July 29 I Monday

Psalms 49-50

Romans 1

“But where sin increased, grace increased all the more, so that, just as sin reigned in death, so also grace might reign through righteousness to bring eternal life through Jesus Christ our Lord.”   —Romans 5:20-21

 

What happens when we are at the lowest point of our life? In Jesus’s Parable of the Prodigal Son, we read of a son who demanded from his father his share of the inheritance and squandered it in reckless living. Left without a penny in his pocket, and out of desperation, the son takes up a job feeding pigs.

According to the Law of Moses, pigs are considered unclean. In fact, if we were to visit Israel today, there is a law that makes it illegal for the foot of pigs to touch Israeli soil. We see the degradation of the son, a Jewish boy, who, at the lowest point of his life, is in a pig pen. He was so hungry that he would have eaten the food the pigs were being fed but no one gave him anything.
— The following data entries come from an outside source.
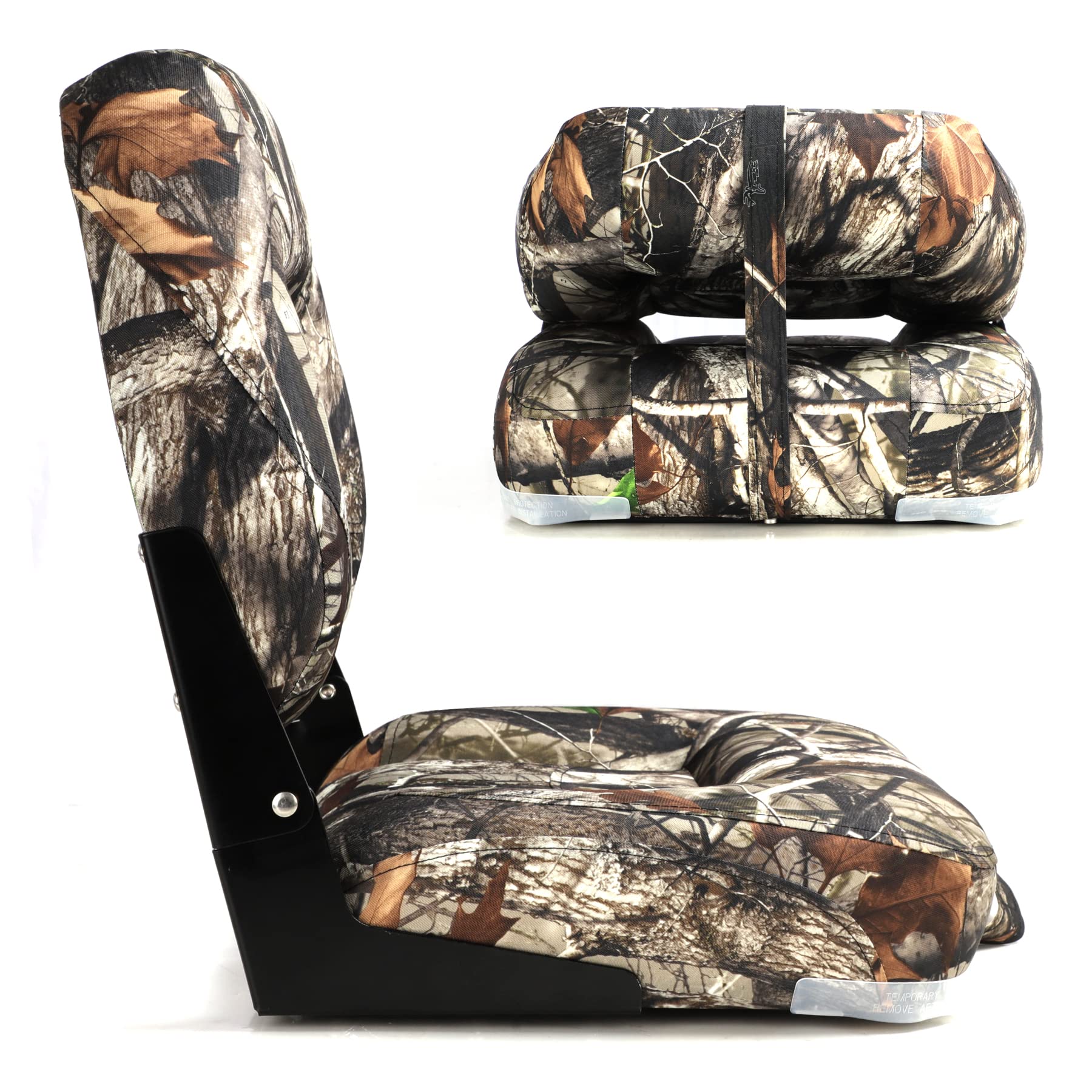 NORTHCAPTAIN Marine Boat Chair 2 Pack,Camo High Back Folding Fishing Boat Seat for Fishing, Bass/Jon/Pontoon Boats, 4 Mounting Screws Included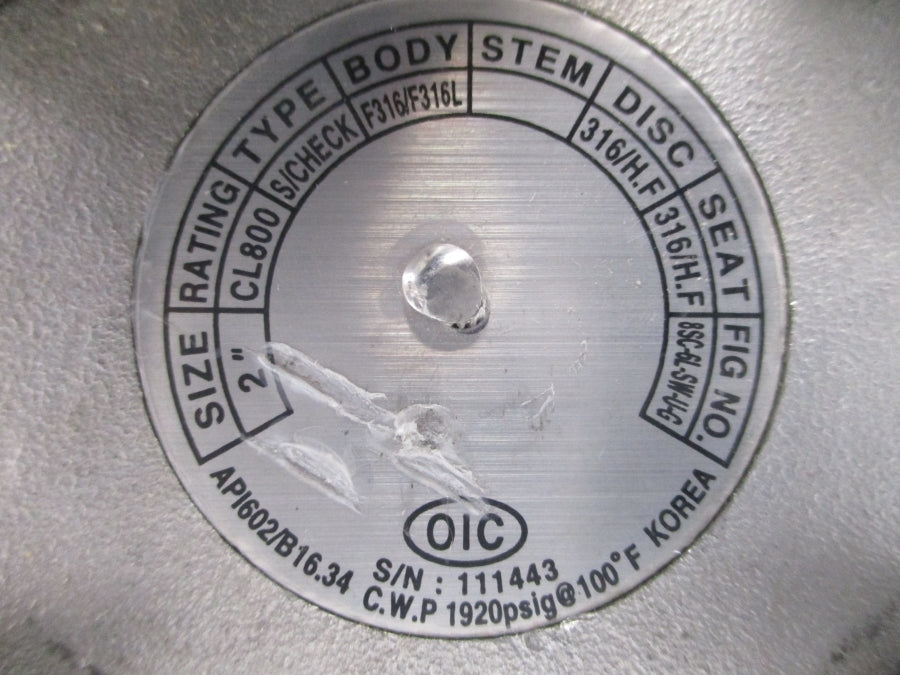 OIC 8SC-6L-SW-U-G 1920PSI 2" NSNP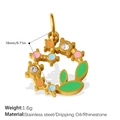 Charmanter 18mm Edelstahl-Anhänger in Gold mit bunter Emaille-Blume und Strasssteinen - Bunter Punkt Grünes Blatt Stil (PJ1725CRG)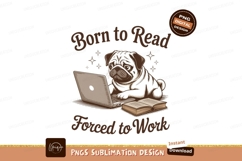 Pug reading laptop sublimation png Product Image 1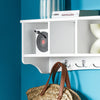 SoBuy FRG48-L-W, Wall Coat Rack Wall Display Storage Unit with 4 Components 5 Hooks, White
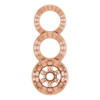 Graduated Halo Style Circle Pendant Mounting in 14 Karat Rose Gold for Round Stone, 5 grams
  But then, something happened to the son. It was something that could only happen once he was in the pig pen and not while he was living it up. We are told, “he came to his senses…” (Luke 15:17). We rarely come to ourselves when we are in comfort. It is only when we are in trouble that we truly find our real selves.

God will wait a long time for people to come to themselves. That is why God lets us go and does not stop us. In the parable, when the son asked his father for his inheritance, the father let him go. One of the most frightening things the New Testament teaches about the wrath of God is that He shows it by saying, “I will let you go. I will hand you over.” The Book of Romans tells us, “Therefore God gave them over in the sinful desires of their hearts...” (Romans 1:24).

God’s wrath is shown by letting people go until they find themselves up to their neck in sin, wallowing in a pig pen, because that is when He can get their attention. Where sin abounds, grace abounds even more because that is where we run out of ourselves. When we are alone in a pig pen, there is no person to impress. We can be honest with ourselves. This is what happened to the son when he came to his senses. He saw himself for who he really was—a sinner.

Some of us may have wandered away from God but it is never too late for us to come to our senses in our pig pen and return home to be with the Father. May our hearts turn from our sinful desires and walk in a manner worthy of God’s call for us.

Prayer: Dear God, thank You that You do not abandon me but that Your grace is enough to cover all my sins. Praise You, God.